Fortunately for us, the problem of efficiently searching a memory area 
for occurrences of a particular byte is mostly solved by the C 
standard library’s memchr() function. Scanning 
“backwards” is in turn handled by the GNU extension 
memrchr(). In a nutshell, these functions operate by 
loading full memory words (typically 32 or 64 bits) into a CPU 
register and checking the individual 8-bit components in 
parallel. This proves to be much more efficient than loading and 
inspecting bytes one at a time. 

Let’s extend the IR by adding two new operations: 
ScanLeft and ScanRight. 



 IR 
 C 


 Add(x) 
 mem[p] += x; 


 Sub(x) 
 mem[p] -= x; 


 Right(x) 
 p += x; 


 Left(x) 
 p -= x; 


 Out 
 putchar(mem[p]); 


 In 
 mem[p] = getchar(); 


 Open 
 while(mem[p]) { 


 Add 
 } 


 Clear 
 mem[p] = 0; 


 Mul(x, y) 
 mem[p+x] += mem[p] * y; 


 ScanLeft 
 p -= (long)((void *)(mem + p) - memrchr(mem, 0, p + 1)); 


 ScanRight 
 p += (long)(memchr(mem + p, 0, sizeof(mem)) - (void *)(mem + p)); 



An unfortunate consequence of using array indexes instead of direct 
pointer manipulation is that the C versions of the scan operations 
look pretty horrid. Well, such is life. 



More than a 3x speedup for dbfi.b while the other programs see little 
to no improvement. There is of course no guarantee that 
memchr() will perform as well on other libc 
implementations or on a different architecture, but there are 
efficient and portable memchr() and 
memrchr() implementations out there so these functions 
can easily be bundled by a compiler. 

Operation offsets 

Both the copy loop and multiplication loop optimizations share an 
interesting trait: they perform an arithmetic operation at an offset 
from the current cell. In brainfuck we often find long sequences of 
non-loop operations and these sequences typically contain a fair 
number of < and >. Why waste time 
moving the pointer around? What if we precalculate offsets for the 
non-loop instructions and only update the pointer at the end of these 
sequences? 



 IR 
 C 


 Add(x, off) 
 mem[p+off] += x; 


 Sub(x, off) 
 mem[p+off] -= x; 


 Right(x) 
 p += x; 


 Left(x) 
 p -= x; 


 Out(off) 
 putchar(mem[p+off]); 


 In(off) 
 mem[p+off] = getchar(); 


 Clear(off) 
 mem[p+off] = 0; 


 Mul(x, y, off) 
 mem[p+x+off] += mem[p+off] * y; 


 ScanLeft 
 p -= (long)((void *)(mem + p) - memrchr(mem, 0, p + 1)); 


 ScanRight 
 p += (long)(memchr(mem + p, 0, sizeof(mem)) - (void *)(mem + p)); 



Note that while Clear and Mul are included 
in this table, the test was run with the operation offset optimization 
in isolation, so these two operations were never emitted by the 
compiler. 



Tangible results, albeit somewhat meager. 

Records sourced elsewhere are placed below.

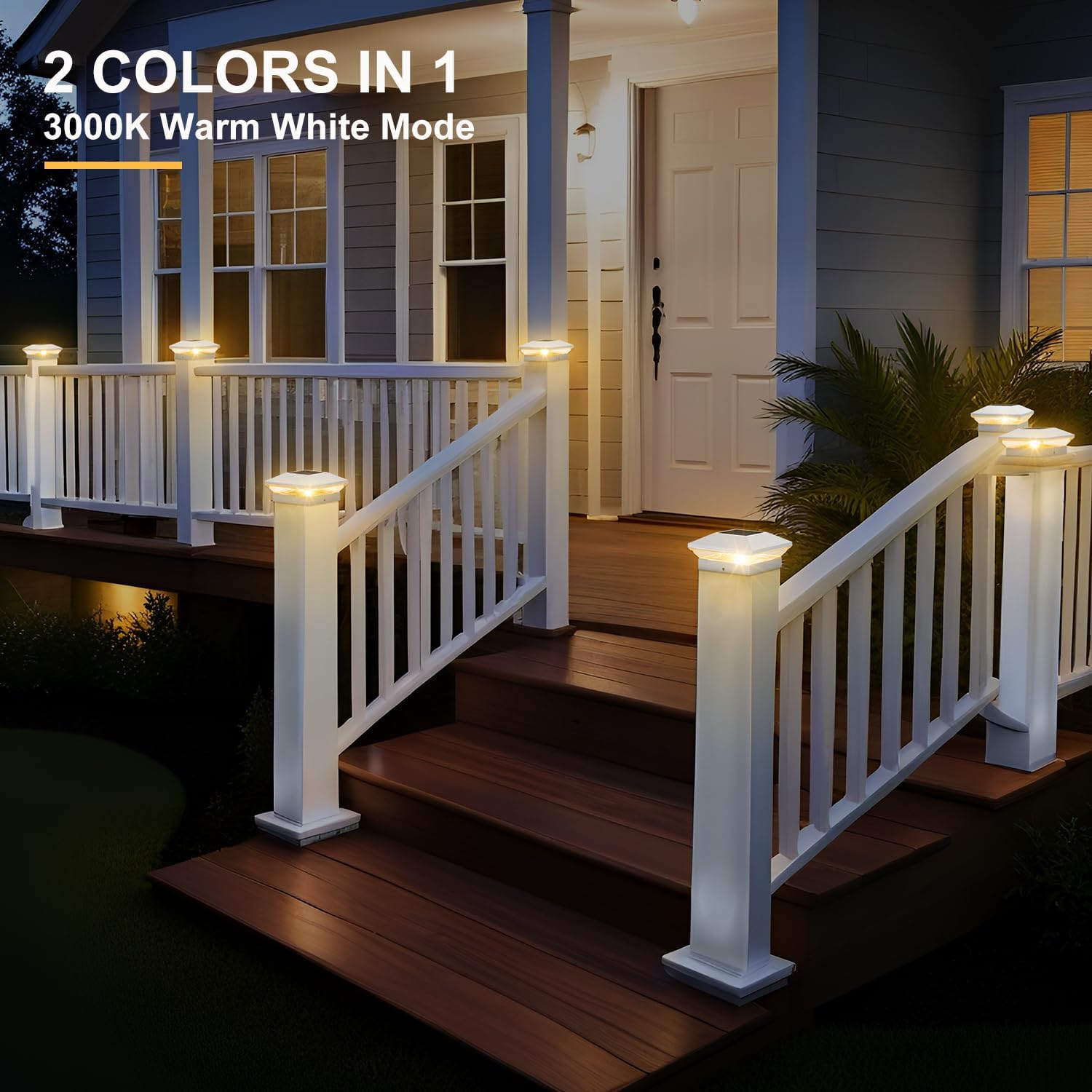 1/2 Unidades de Luces Solares  - Post Cap Light reseña y precio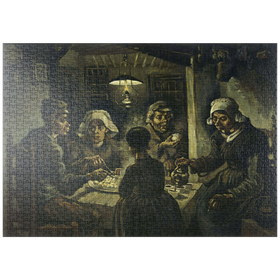 Darstellung des Puzzle-Motivs Vincent van Gogh's The Potato Eaters (1885) – Puzzleteile: 1000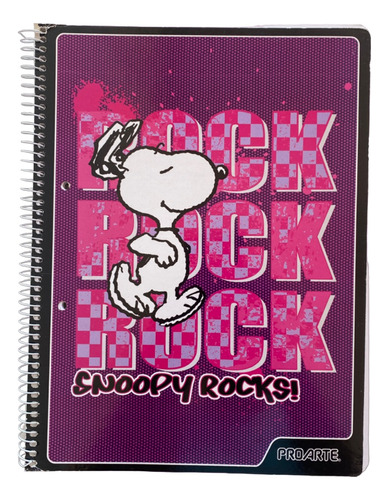 Cuaderno Universitario Snoopy Tapa Blanda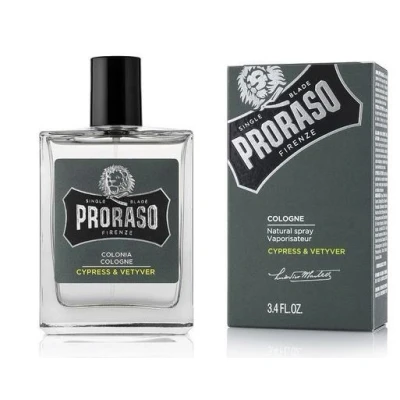 Afbeelding van Proraso Single Blade Eau de Cologne Cypress &amp; Vetyver 100ml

Applying all optimizations 

To wrap up, let’s have a look at what we can accomplish by applying all 
these optimizations to our sample programs. 

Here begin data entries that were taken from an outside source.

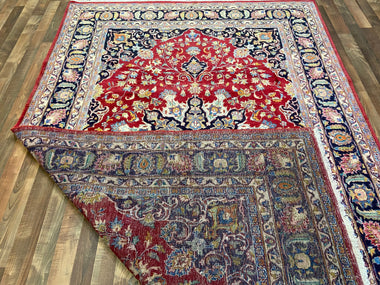Persian Rug Hand Knotted Oriental Rug Very Fine Persian Kashan 7x9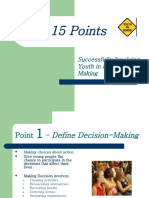 15 Points: Successfully Involving Youth in Decision-Making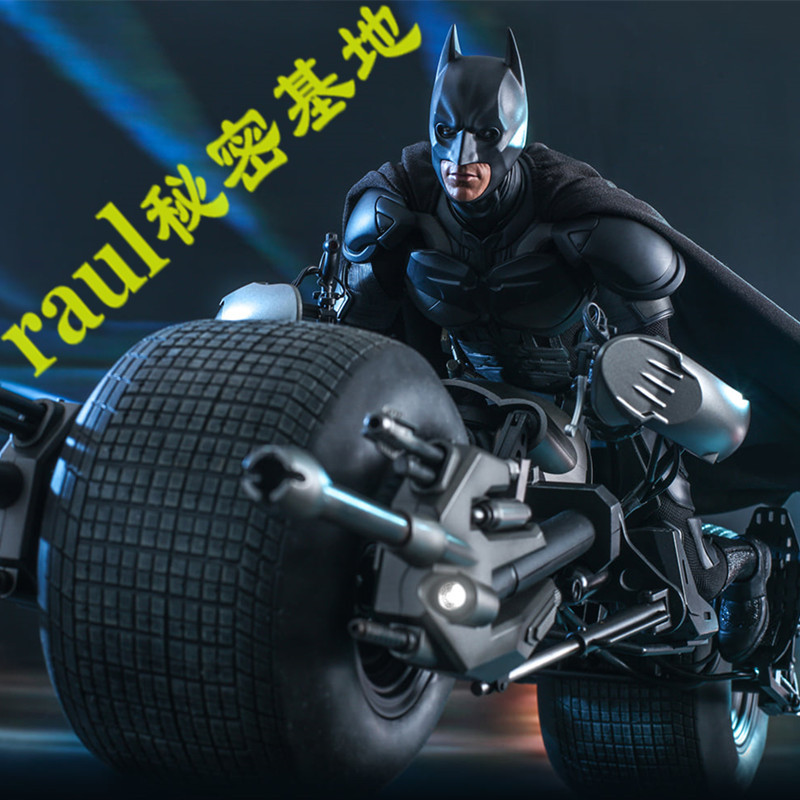 Hottoys in Stock 1/6 Ht Batman Dark Knight Dx19 Batmobile Mms591 Action Figure Doll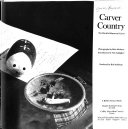 Carver country : the world of Raymond Carver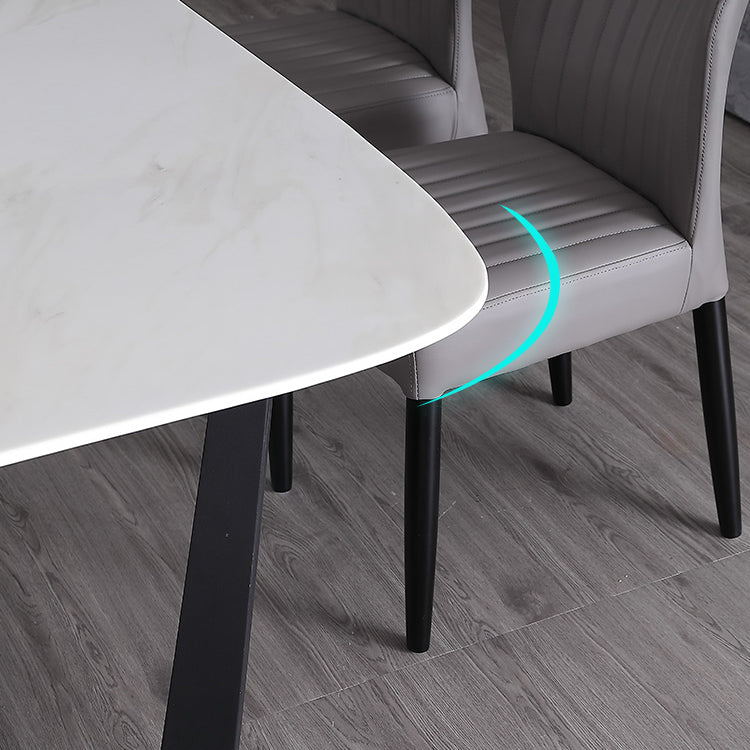 Modern 1/4/6/7 Pieces Dining Set Sintered Stone Dining Table Set for Home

Significant improvement across the board, ranging from about 130x in 
the case of hanoi.b to the 2.4x speedup of awib-0.4. 

Summary 

Fairly simple techniques proved to significantly improve the 
performance of our sample programs. Brainfuck compiler writers should 
consider implementing at least some of them. Now, spending time and 
effort on such an esoteric language as brainfuck may seem like a 
pointless exercise, but we hope and believe that some of the concepts 
can carry over to more real settings. Also, mucking around with 
brainfuck is just plain fun. 

That was all.